Information supplied START
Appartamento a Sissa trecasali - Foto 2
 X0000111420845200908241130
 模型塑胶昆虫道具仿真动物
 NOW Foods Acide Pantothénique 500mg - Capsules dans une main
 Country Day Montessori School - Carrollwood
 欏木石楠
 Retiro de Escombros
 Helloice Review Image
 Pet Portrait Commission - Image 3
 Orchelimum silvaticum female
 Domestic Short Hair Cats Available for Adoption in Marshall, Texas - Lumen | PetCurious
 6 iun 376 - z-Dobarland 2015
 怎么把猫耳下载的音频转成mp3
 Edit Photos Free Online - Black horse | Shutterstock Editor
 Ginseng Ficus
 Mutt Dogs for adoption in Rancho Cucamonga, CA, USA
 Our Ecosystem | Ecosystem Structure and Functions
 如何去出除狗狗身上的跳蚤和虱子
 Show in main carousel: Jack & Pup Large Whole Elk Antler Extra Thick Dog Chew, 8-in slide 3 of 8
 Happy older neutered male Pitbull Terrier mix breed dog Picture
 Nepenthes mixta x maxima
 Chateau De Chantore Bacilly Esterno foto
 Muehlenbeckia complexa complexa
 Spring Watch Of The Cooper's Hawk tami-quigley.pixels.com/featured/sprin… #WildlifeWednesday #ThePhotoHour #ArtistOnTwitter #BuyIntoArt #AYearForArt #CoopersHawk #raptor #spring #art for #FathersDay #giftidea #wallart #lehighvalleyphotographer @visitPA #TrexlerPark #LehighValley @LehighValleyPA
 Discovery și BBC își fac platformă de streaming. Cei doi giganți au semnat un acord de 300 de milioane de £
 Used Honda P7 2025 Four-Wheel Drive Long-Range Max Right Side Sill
Information supplied END
▶ [Your goal]
Whenever the string "main" shows up in a line of the entries, copy that line.

▶ [Written response]
 NOW Foods Acide Pantothénique 500mg - Capsules dans une main
 Show in main carousel: Jack & Pup Large Whole Elk Antler Extra Thick Dog Chew, 8-in slide 3 of 8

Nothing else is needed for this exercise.